As Turkey's natural gas demand increases, so do political tensions with countries where it imports its supplies. Keeping politics seperate from energy issues will be key for dealings with Iran and Russia heading into the winter.

by: Alex Jackson

Posted in:

Natural Gas & LNG News, News By Country, Russia, Turkey, Top Stories

Balancing Energy and Politics in Turkey

For Turkey the relationship between energy and politics is often not an easy one. In the last few weeks the country has found that whilst you can sometimes get away with keeping the two separate, at other times things can get very complicated indeed.

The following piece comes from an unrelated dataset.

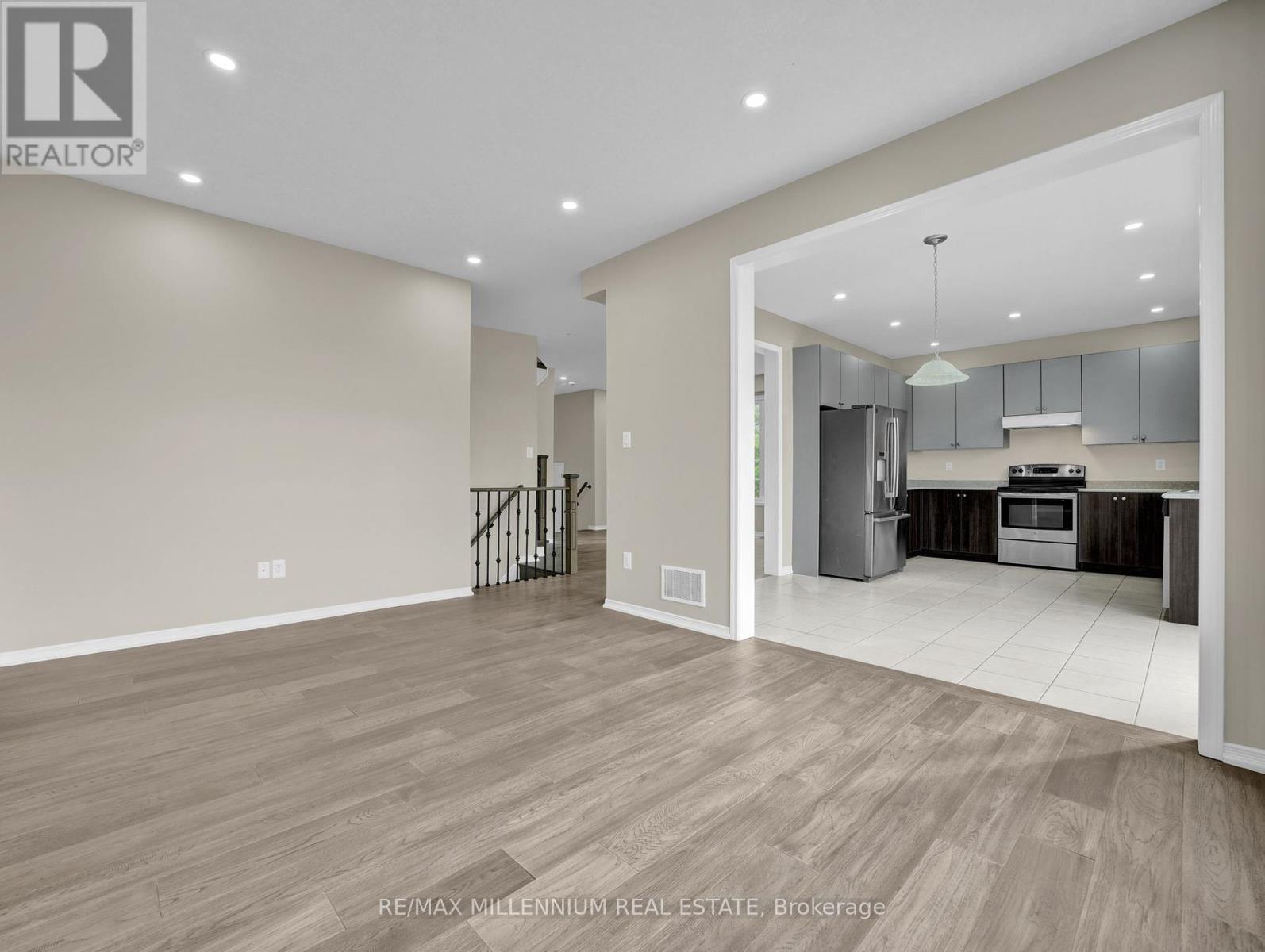42 Pollard Street, Brantford, Ontario  N3T 5L5 - Photo 10 - X12205559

The souring of Turkey-Russia ties over Syria had led many (including this author) to speculate that reliance on Russian gas was fast becoming a vulnerability for Ankara, limiting its freedom of diplomatic manoeuvre. But during Vladimir Putin’s visit to Turkey at the start of December the two sides agreed to disagree, setting aside their often vocal disputes over the future of Bashar al-Assad to boost trade and energy ties.

The day before Putin’s arrival, Russian Energy Minister Alexander Novak set the tone by saying that “we have always helped Turkey when they have experienced problems managing during the winter . . . if needed, and a joint agreement was reached, it is possible to do this again.” Putin, at a meeting with Prime Minister Erdoğan, also said that “Russia is always ready to give our Turkish partners a shoulder to rely on at difficult times.”

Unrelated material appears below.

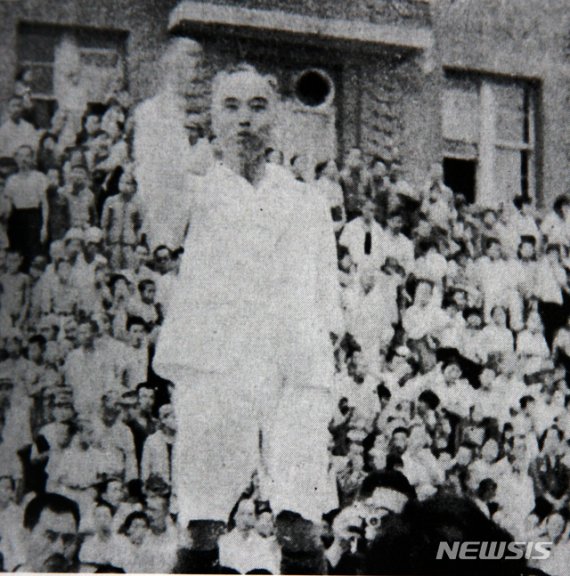 [서울=뉴시스]1945년 8월 16일 여운형 건국준비위원회 위원장이 5천여 군중 앞에서 단결을 호소하며 사자후를 토하고 있다. (사진=미디어한국학 제공) 2020.01.12.photo@newsis.com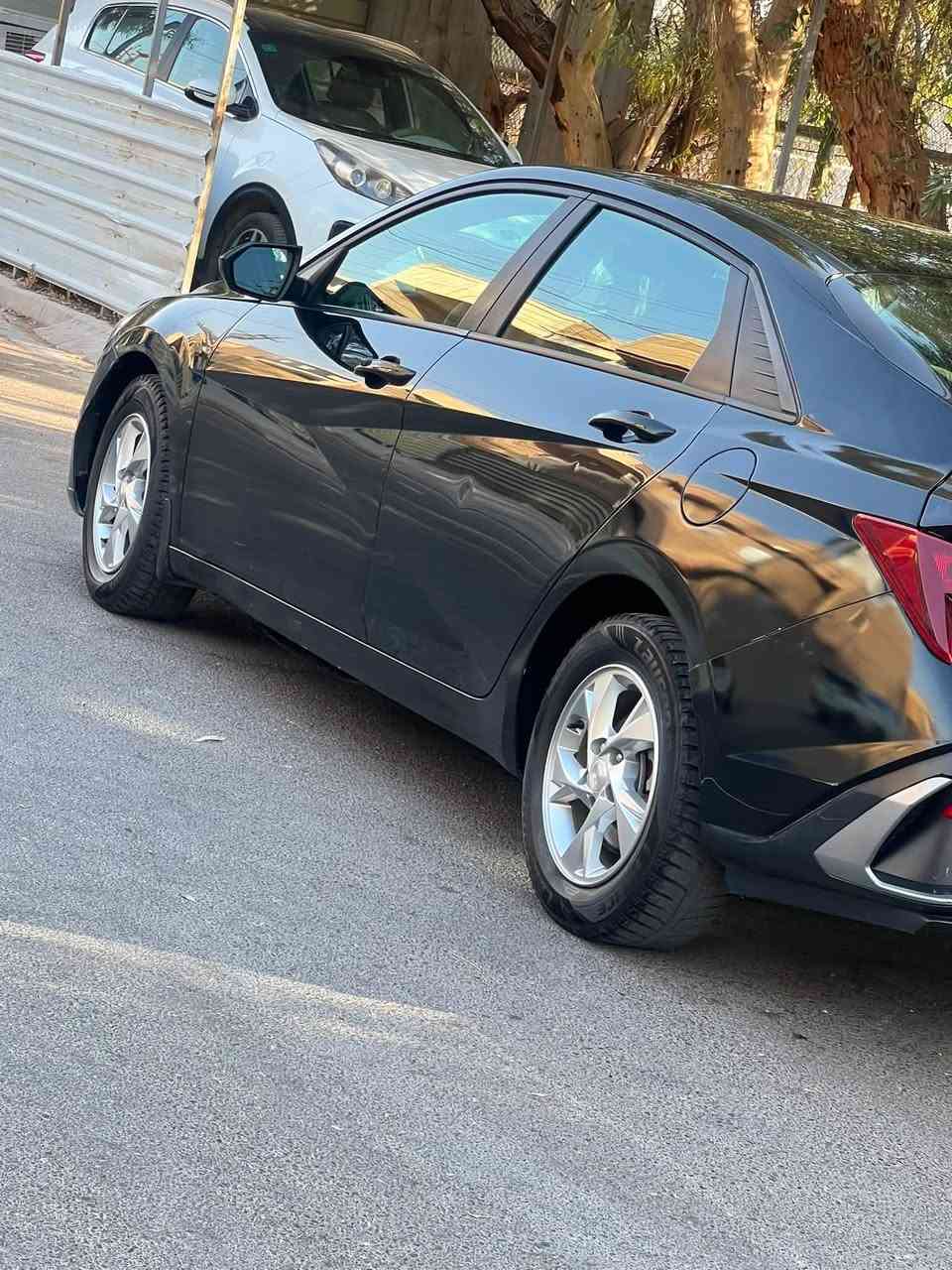 السلام عليكم النترا موديل 23 صبغ جاملغ خلفي ودوسه فقط رقم اربيل محرك 2000 بدون ايرباك رقم جديد وسنويه جديده وهزه مكان السياره حي الاطباء الجهاد قرب المطار للاستفسار اكثر الاتصال على الرقم *********** السعر 130 وبيه مجال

Last winter Turkish average gas demand hit 192mcm/day, whilst gas contracts and storage facilities were only able to provide about 170mcm/day. The Energy Ministry has said that this winter demand could soar as high as 220mcm/day, from a current level of 125mcm. Just a few years ago, estimated potential winter demand was only 137mcm/day.

Novak did not provide a figure but Turkish officials had earlier suggested that they might request as much as 3bcm/day (presumably through Blue Stream), confirmed by Russia’s Energy ministry on 19 December. This would further shore up their gas relationship after Gazprom recently signed a long-term contract with four Turkish companies to buy 6bcm through the West Line, until last year the preserve of BOTAŞ.

Coupled with Turkey’s enthusiasm for the launch of South Stream, and Russian interest in building more nuclear plants in Turkey, this indicates that Ankara and Moscow are able to be pragmatic when it comes to their energy ties. Russia’s leverage over Turkey’s gas supply could arguably constrain Ankara’s actions at a certain limit, such as an actual invasion of northern Syria, for instance, and this limit will fluctuate dependent on the extent of Turkish dependency. But for now, the calculation seems to be that Russia needs the Turkish market just as much as Turkey needs Russian gas. Business and politics are carefully divided – on the surface, at any rate.

With Iran, things are not quite so simple. Turkey has repeatedly said that Iranian gas was ‘strategically important’ and that it would continue to buy from Iran despite tightening US sanctions.

However despite this apparent sign of energy trumping politics, Turkey is feeling the pinch. It has been resorting to a series of increasingly complex manoeuvres to pay for Iranian gas without exposing Turkish banks to punitive measures from the US. Chief among these has been a gas-for-gold trade which Turkey formally revealed on 23 November, explaining a rise in Turkey’s gold exports to Iran from $54 million last year to $6.4 billion this year. Ankara warned that it would not comply with any new US measures to close the loophole.

Defying sanctions could easily create tensions with Washington down the line, but Turkey’s only other option is to stop buying Iranian gas and make up the excess with Russian gas (or LNG from Algeria and Nigeria, although Turkish LNG facilities are already tight). This would exacerbate reliance on Moscow and bring the limit of political constraint somewhat nearer.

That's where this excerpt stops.